» Task brief: Below are entries; repeat exactly, and nothing else, the lines from the one holding "Jeep Commander ������" through the one holding "Ponúkame na prenájom", inclusive. Leave the pictures out.

» Data supplied:
━━━━
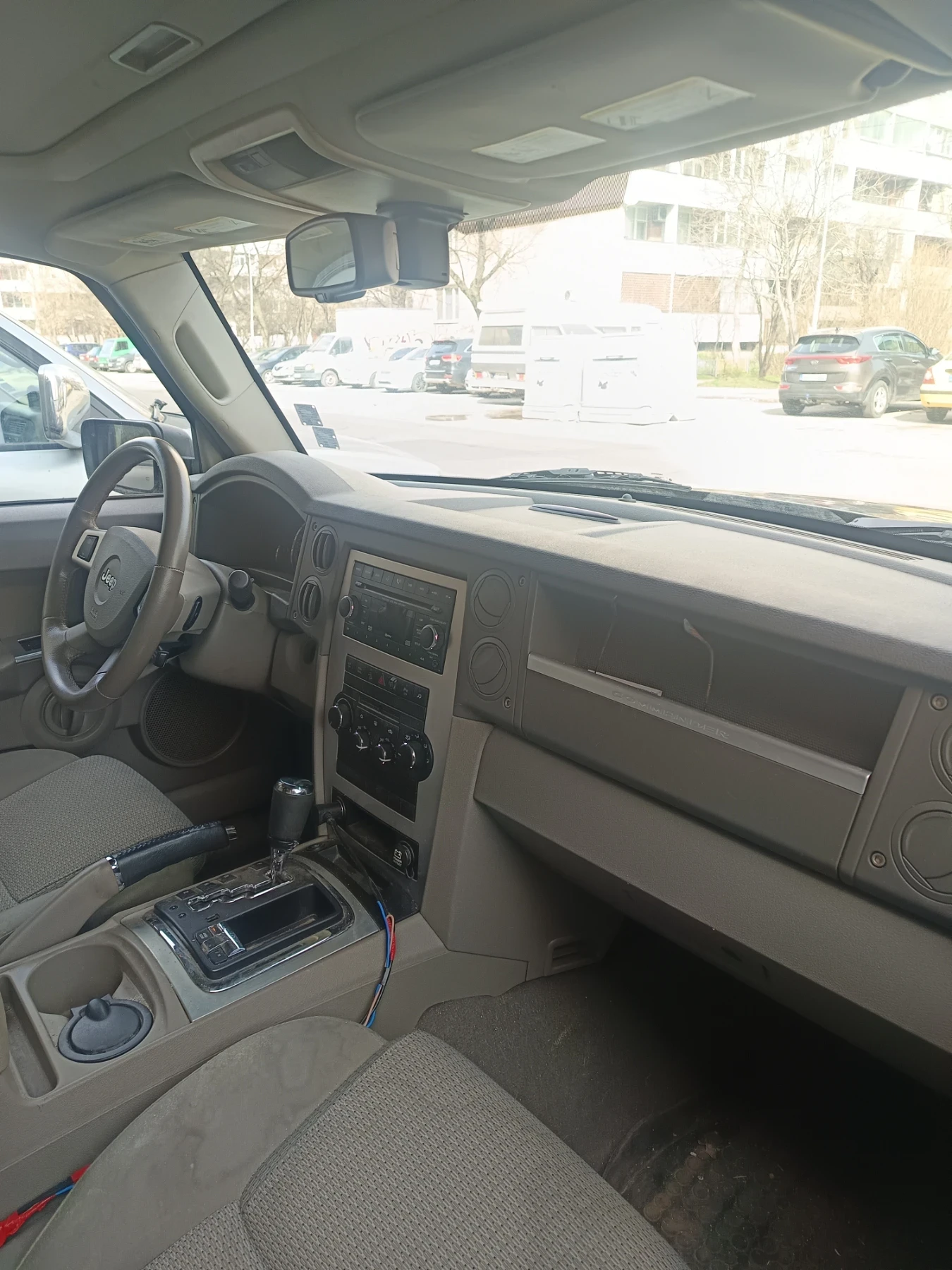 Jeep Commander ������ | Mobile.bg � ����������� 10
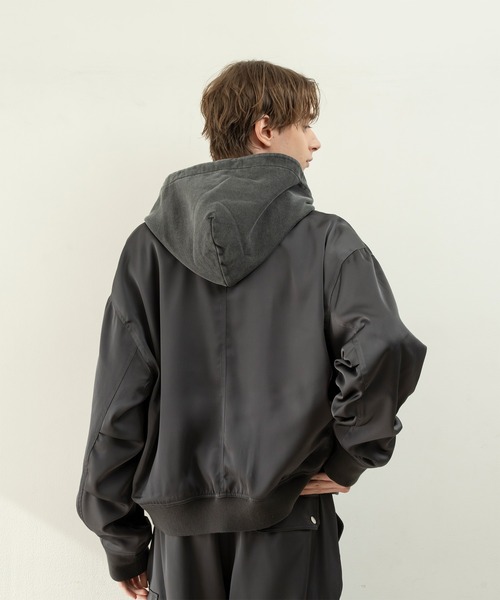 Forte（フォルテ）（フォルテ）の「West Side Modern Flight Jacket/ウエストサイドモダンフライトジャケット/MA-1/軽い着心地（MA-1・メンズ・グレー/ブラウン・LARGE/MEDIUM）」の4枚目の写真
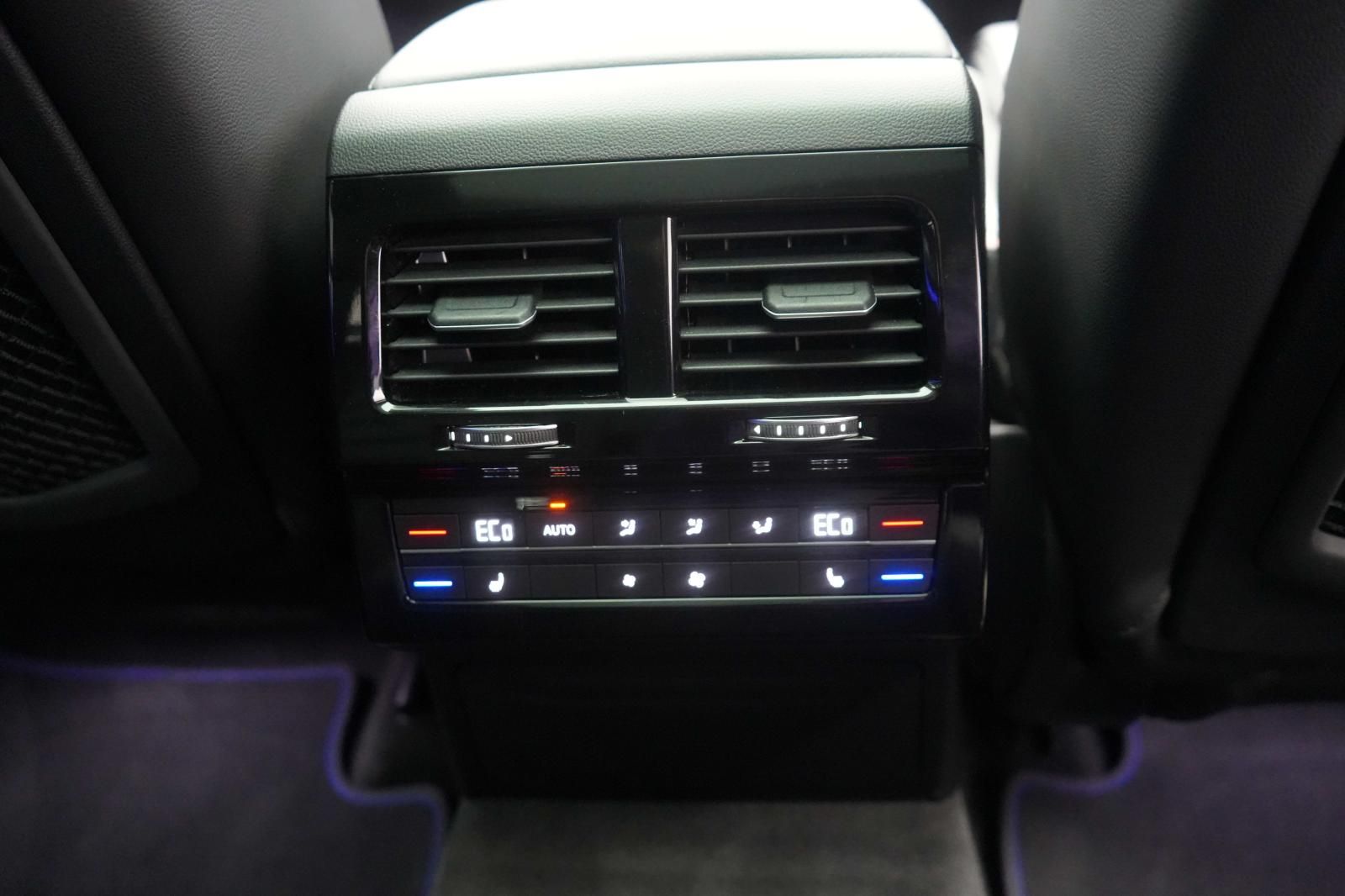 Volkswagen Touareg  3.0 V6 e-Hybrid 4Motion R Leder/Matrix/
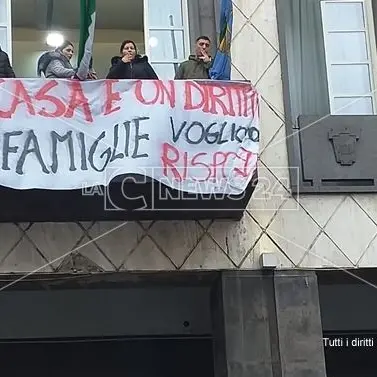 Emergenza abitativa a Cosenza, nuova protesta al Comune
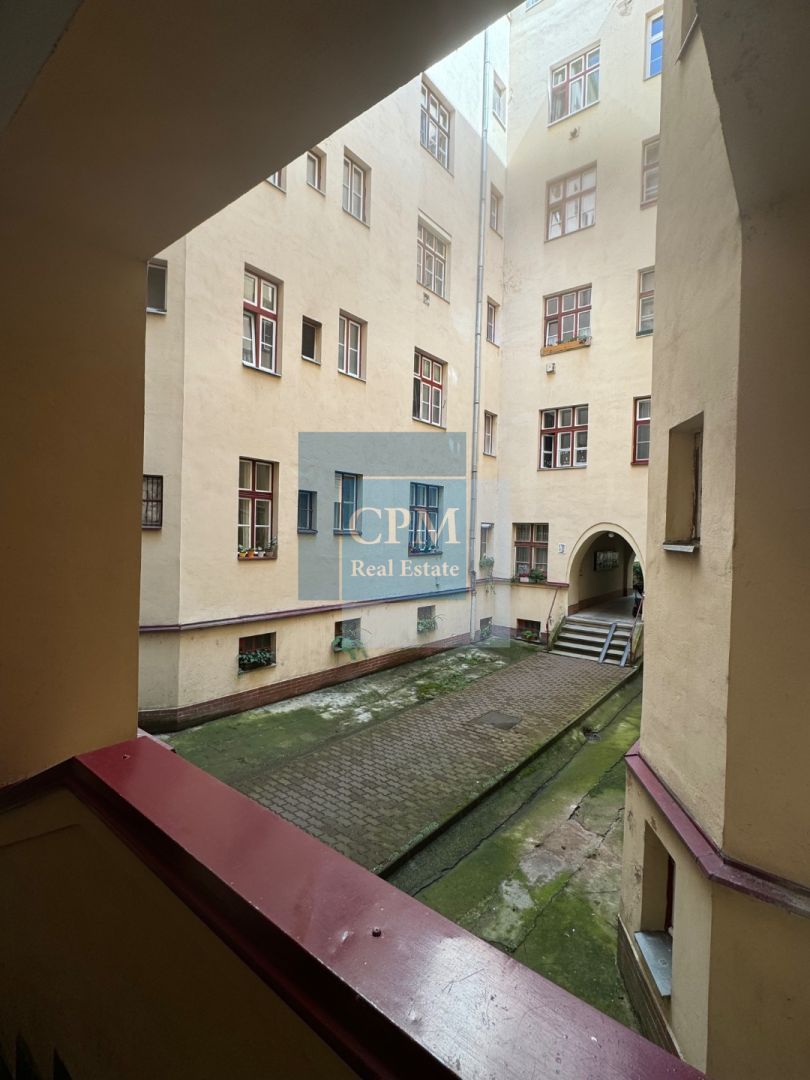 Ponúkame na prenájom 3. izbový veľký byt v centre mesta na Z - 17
━━━━
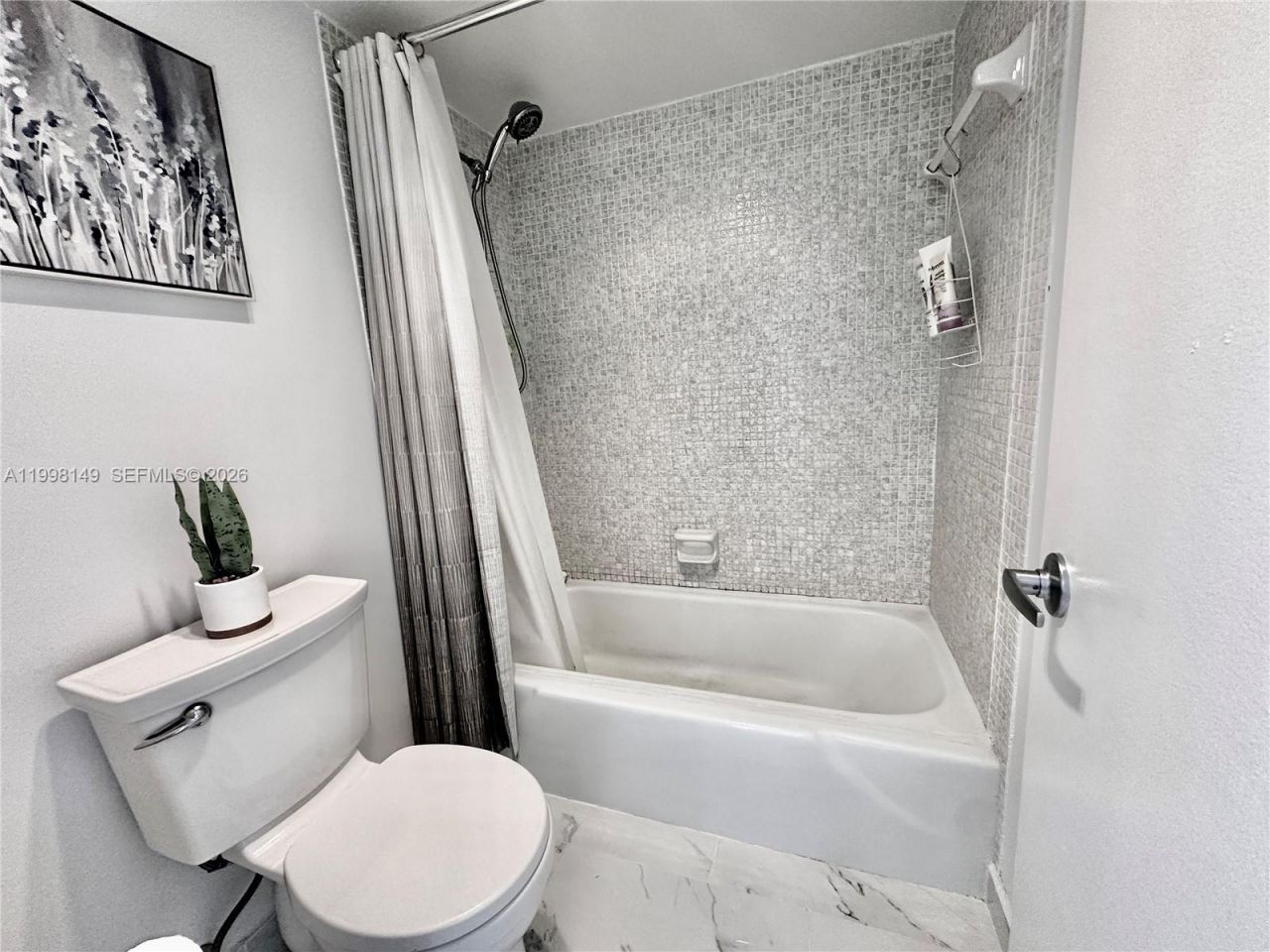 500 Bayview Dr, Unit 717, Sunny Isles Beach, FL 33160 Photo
━━━━
» Your response:
 Jeep Commander ������ | Mobile.bg � ����������� 10
 Forte（フォルテ）（フォルテ）の「West Side Modern Flight Jacket/ウエストサイドモダンフライトジャケット/MA-1/軽い着心地（MA-1・メンズ・グレー/ブラウン・LARGE/MEDIUM）」の4枚目の写真
 Volkswagen Touareg  3.0 V6 e-Hybrid 4Motion R Leder/Matrix/
 Emergenza abitativa a Cosenza, nuova protesta al Comune
 Ponúkame na prenájom 3. izbový veľký byt v centre mesta na Z - 17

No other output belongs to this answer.